Exposure to NO(2), CO, and PM(2.5) is linked to regional DNA methylation differences in asthma

BACKGROUND: DNA methylation of CpG sites on genetic loci has been linked to increased risk of asthma in children exposed to elevated ambient air pollutants (AAPs). Further identification of specific CpG sites and the pollutants that are associated with methylation of these CpG sites in immune cells could impact our understanding of asthma pathophysiology. In this study, we sought to identify some CpG sites in specific genes that could be associated with asthma regulation (Foxp3 and IL10) and to identify the different AAPs for which exposure prior to the blood draw is linked to methylation levels at these sites. We recruited subjects from Fresno, California, an area known for high levels of AAPs. Blood samples and responses to questionnaires were obtained (n = 188), and in a subset of subjects (n = 33), repeat samples were collected 2 years later. Average measures of AAPs were obtained for 1, 15, 30, 90, 180, and 365 days prior to each blood draw to estimate the short-term vs. long-term effects of the AAP exposures. RESULTS: Asthma was significantly associated with higher differentially methylated regions (DMRs) of the Foxp3 promoter region (p = 0.030) and the IL10 intronic region (p = 0.026). Additionally, at the 90-day time period (90 days prior to the blood draw), Foxp3 methylation was positively associated with NO(2), CO, and PM(2.5) exposures (p = 0.001, p = 0.001, and p = 0.012, respectively). In the subset of subjects retested 2 years later (n = 33), a positive association between AAP exposure and methylation was sustained. There was also a negative correlation between the average Foxp3 methylation of the promoter region and activated Treg levels (p = 0.039) and a positive correlation between the average IL10 methylation of region 3 of intron 4 and IL10 cytokine expression (p = 0.030).
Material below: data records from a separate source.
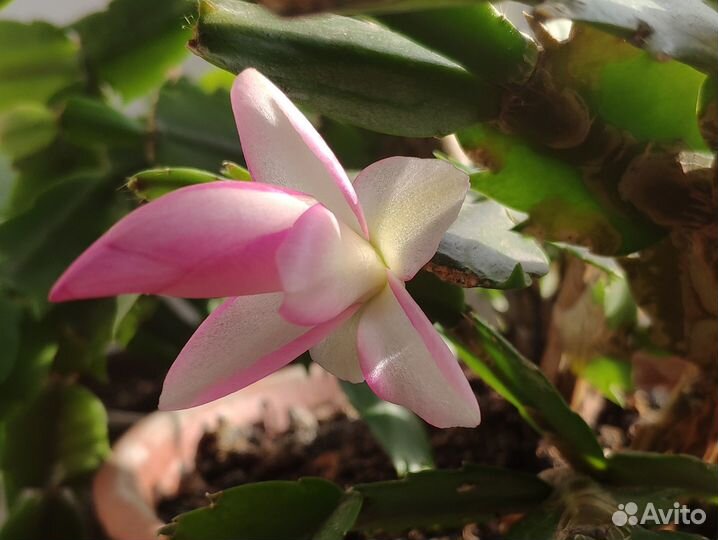 Декабристы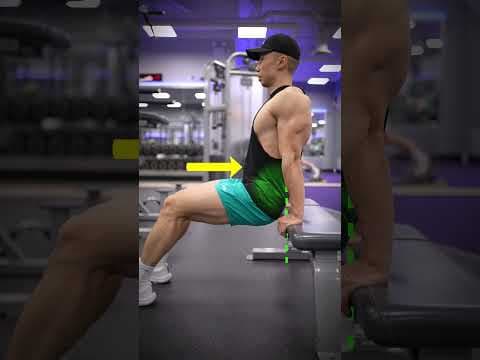 YouTube video demonstration: Triceps Bench Dips 3D Form & Technique Demonstration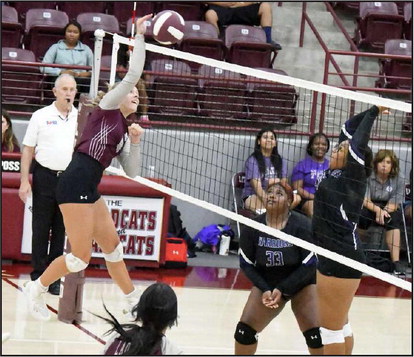 Lady Cats fall to Talkington in season-opener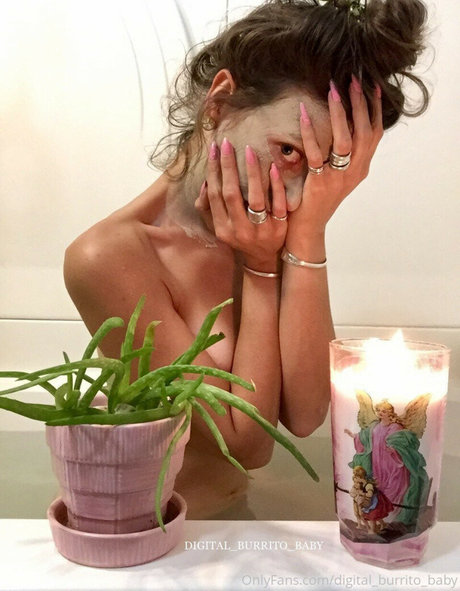 Digital_burrito_baby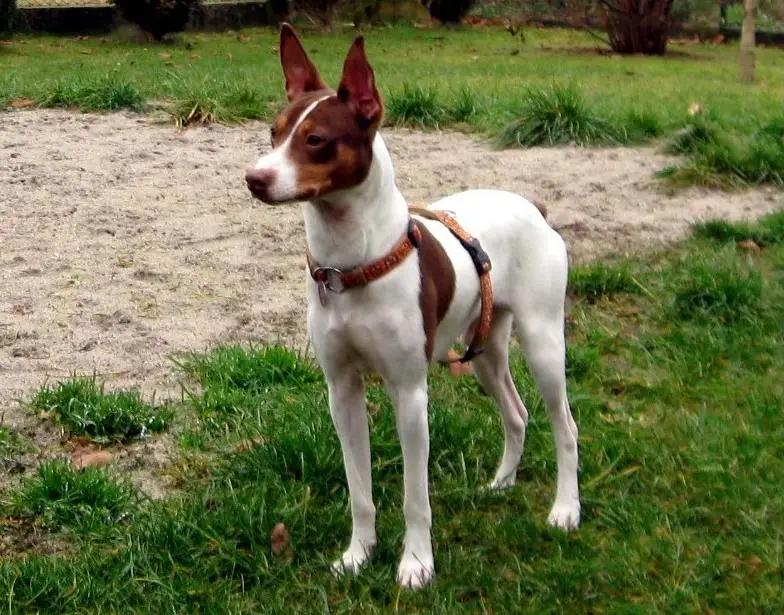 Valencian Terrier, a 90% match to Tenterfield Terrier
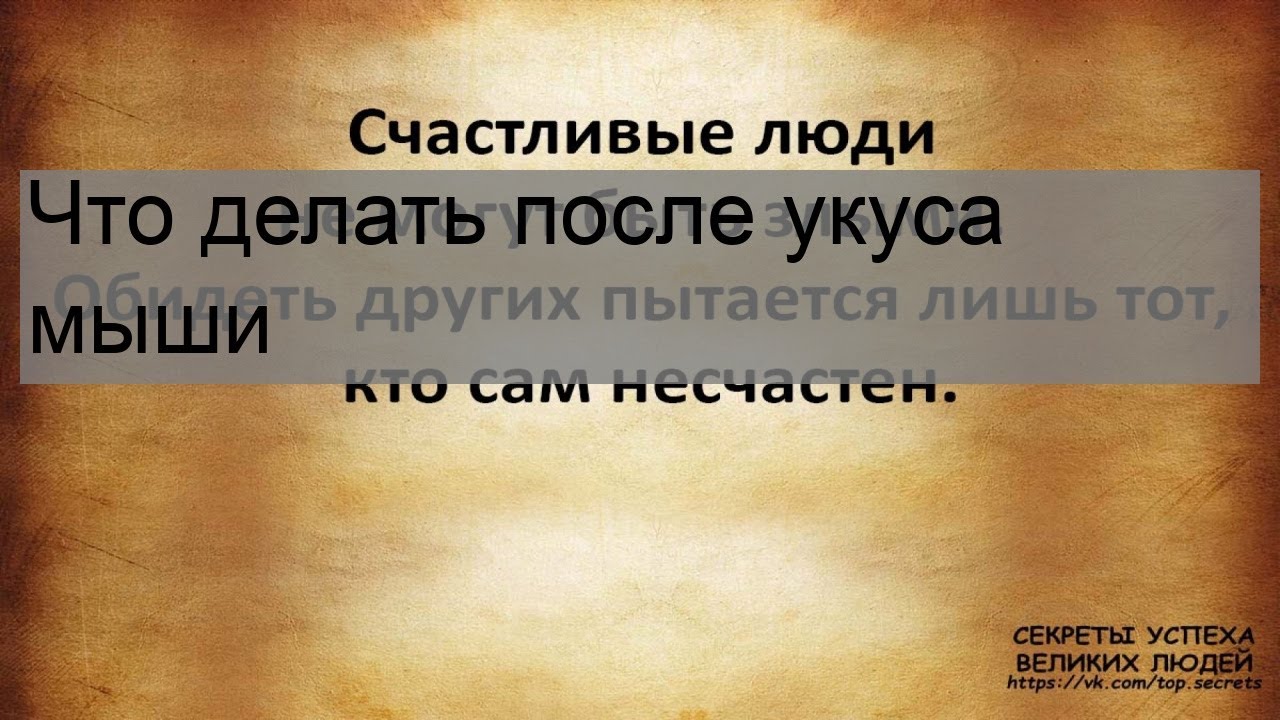 Что делать после укуса мыши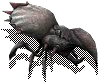 00030.png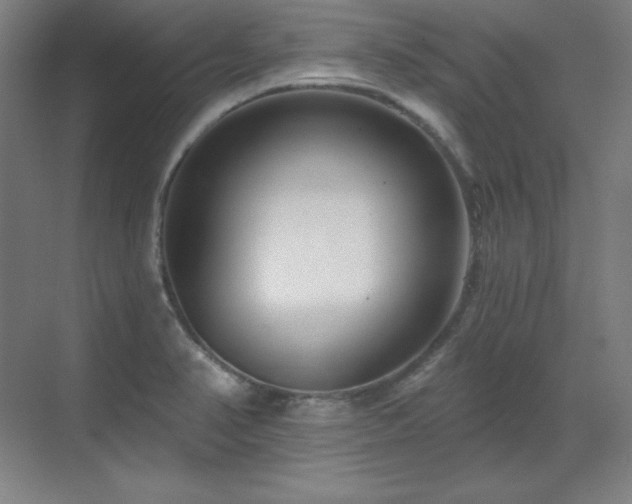X0000070221374200605261307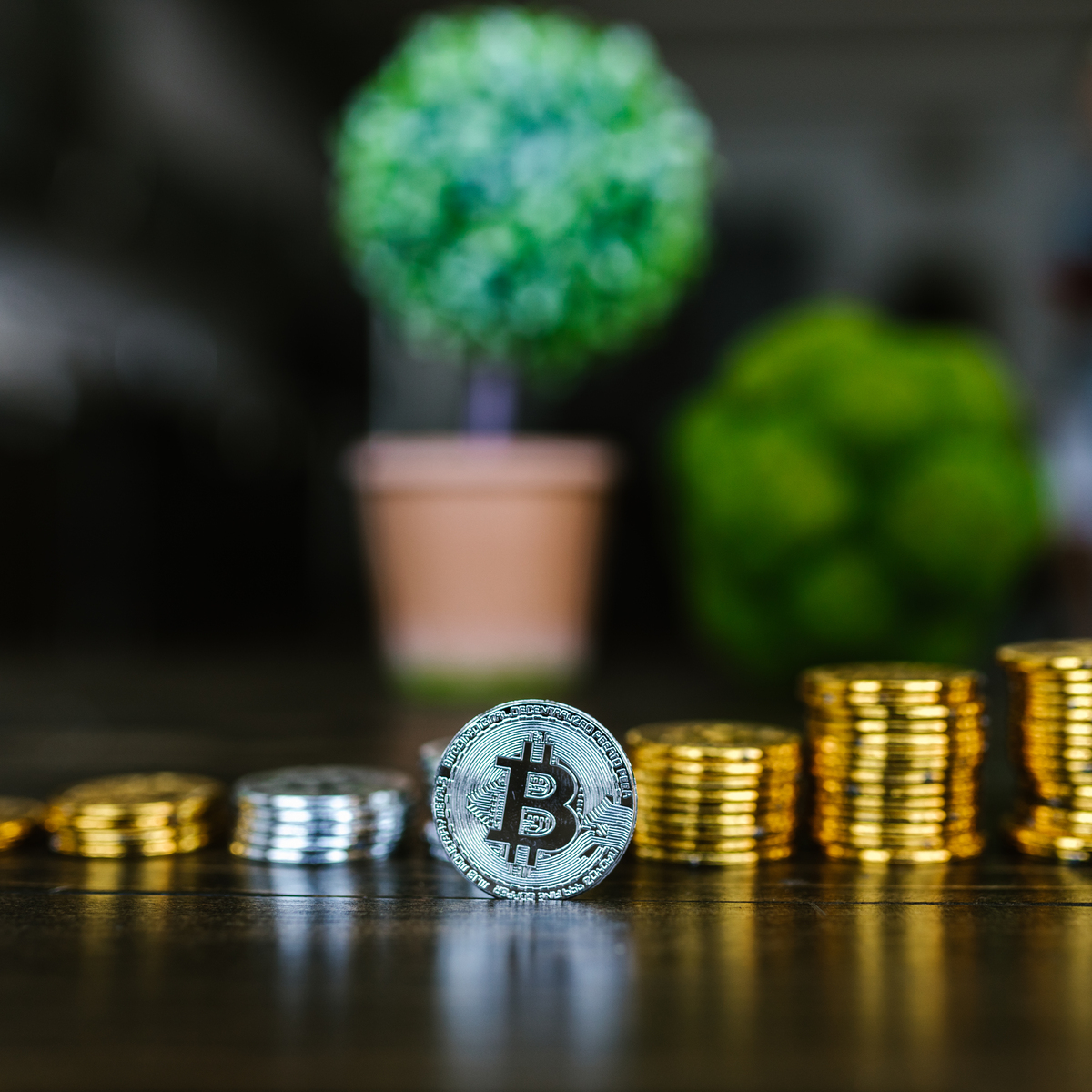 Crypto exchange incredibly networks noisy Crypto exchange incredibly networks noisy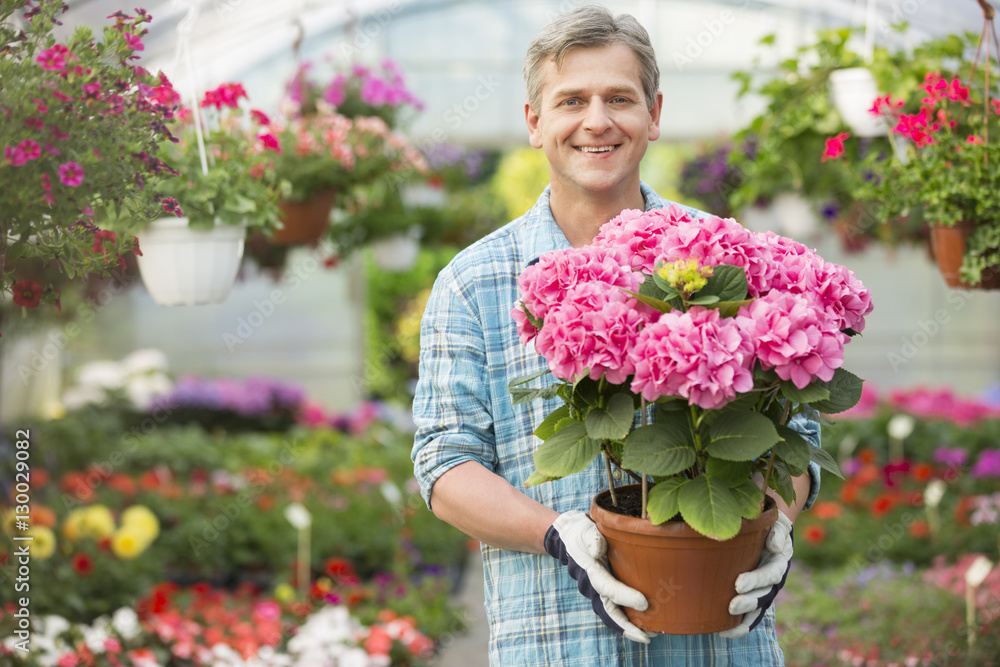 Portrait of happy gardener holding flower pot in greenhouse Portrait of happy gardener holding flower pot in greenhouse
CONCLUSIONS: Short-term and long-term exposures to high levels of CO, NO(2), and PM(2.5) were associated with alterations in differentially methylated regions of Foxp3. IL10 methylation showed a similar trend. For any given individual, these changes tend to be sustained over time. In addition, asthma was associated with higher differentially methylated regions of Foxp3 and IL10.